What are Treasurys doing?

The 10-year Treasury note yield TMUBMUSD10Y, 0.661% edged 0.3 basis point lower to 0.671%. The 2-year note rate TMUBMUSD02Y, 0.175% fell 0.6 basis point to 0.178%, while the 30-year bond yield TMUBMUSD30Y, 1.403% was down 0.4 basis point to 1.413%. All three maturities stand around their two-week low.

What’s driving Treasurys?

Safe haven inflows into the bond-market helped to pin Treasury yields to the bottom end of their recent trading range. The market grappling with a second day of record rises in new U.S. COVID-19 cases concentrated across in southern and western states, with some governors halting business reopening plans.

So far, risk assets have mostly shrugged off those concerns thanks to the unprecedented level of support for the economy from fiscal and monetary policymakers.

See: Here’s why stock-market distress over spiking coronavirus cases is intensifying

In U.S. economic data, investors will see personal income, consumer spending and inflation numbers for May amid hopes that household spending will support the U.S. economic rebound. And the University of Michigan’s consumer sentiment index for June is due at 10 a.m. ET.

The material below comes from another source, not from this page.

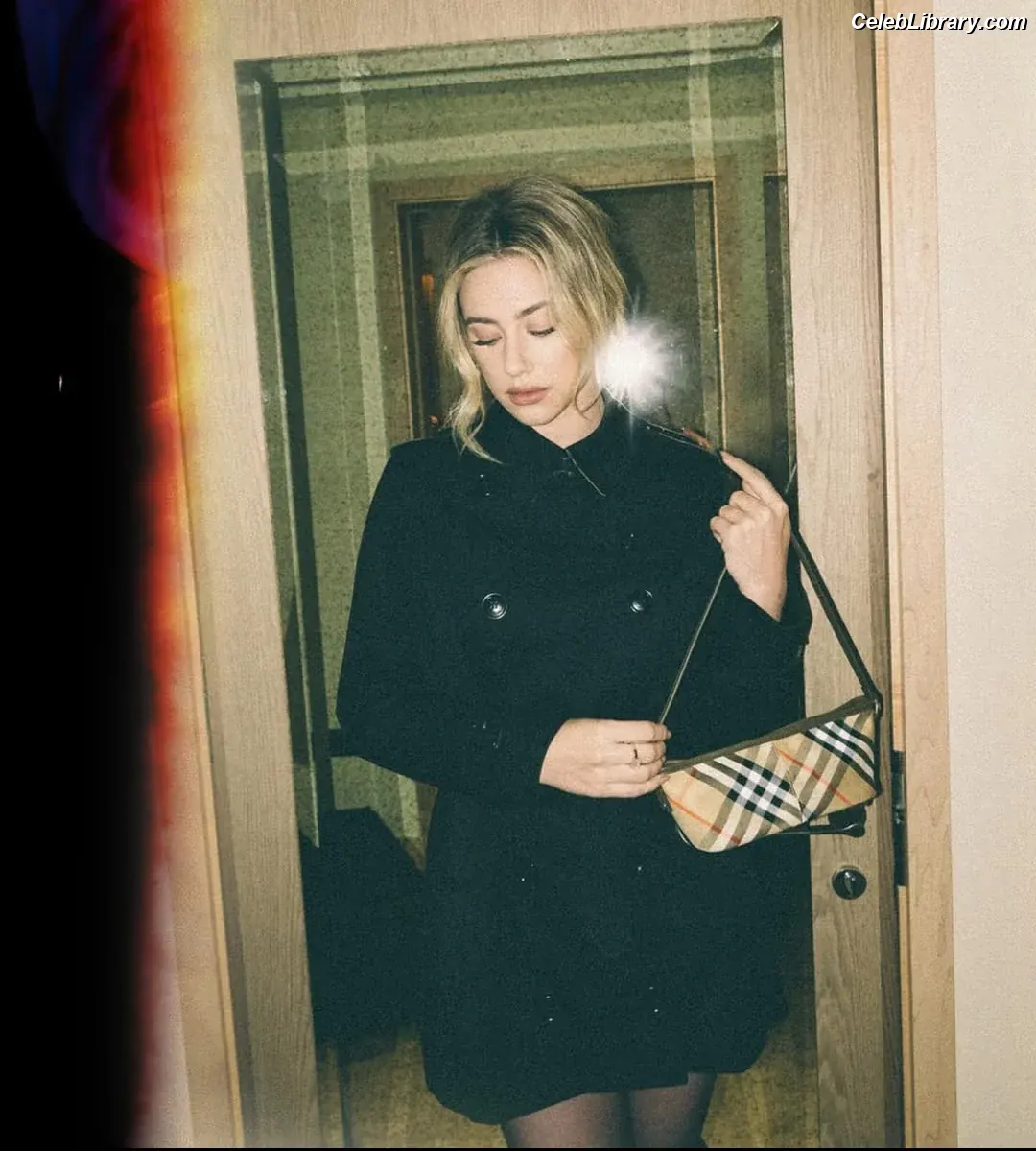 Lili Reinhart photo 5 of 1529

But analysts say the official data releases are backward-looking, and many investors are looking more closely at real-time datasets tracking, for example, visits to retail and restaurants, to gauge if the re-acceleration of COVID-19 cases will weigh on economic activity.

The Federal Reserve’s balance sheet declined by $12.4 billion to $7.08 trillion as of June. 24, compared with the week prior. While the central bank’s holdings of government bonds and mortgage-backed debt increased by more than $52.8 billion over that period, the growth was offset by a sharp drop in usage of the Fed’s dollar liquidity swaps.

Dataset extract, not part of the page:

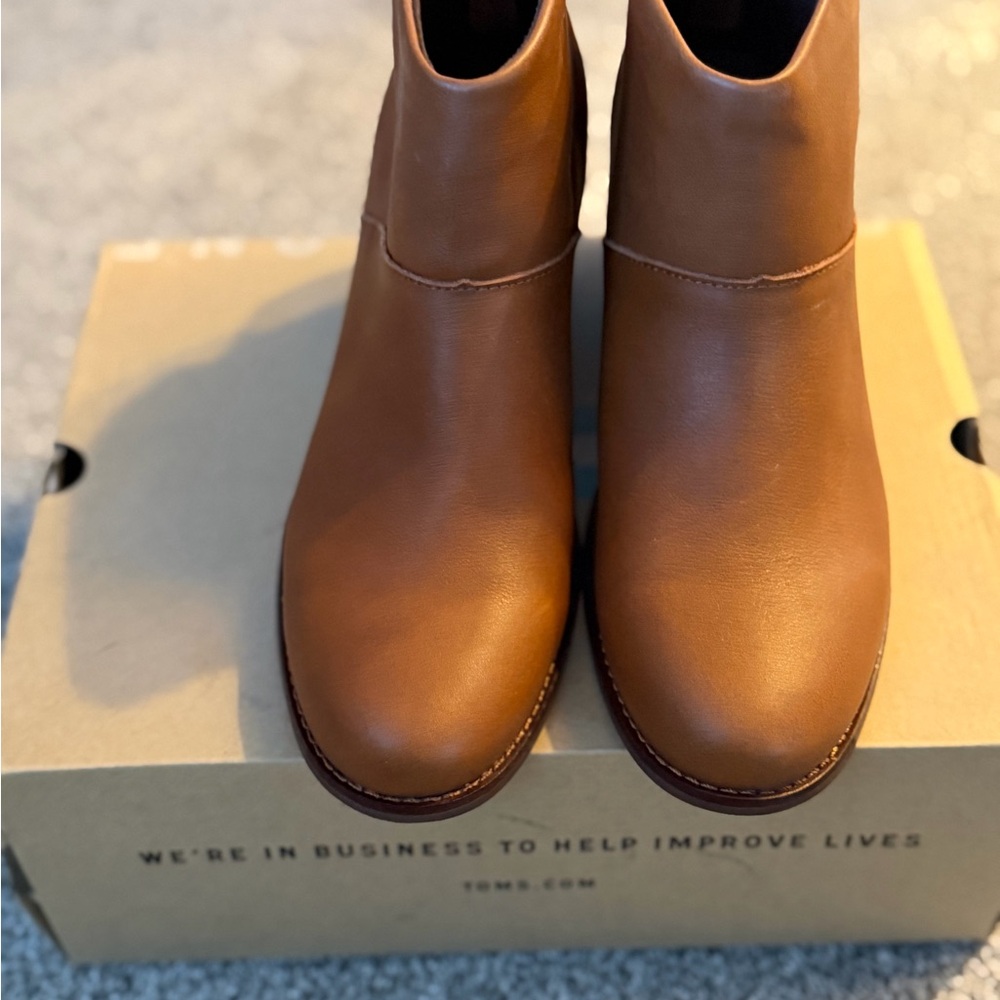 TOMS Men's Brown Boots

Read: Why one strategist is actually encouraged by a spike in new U.S. coronavirus cases

What did market participants’ say?

“Case counts and closures will once again be the primary drivers of price action in the Treasury market as the weekend approaches. It’s not an especially compelling trading environment, but nonetheless the one facing investors as the fallout from the pandemic continues to present the most relevant uncertainty for the balance of the year,” said Ian Lyngen, head of U.S. rates strategy at BMO Capital Markets.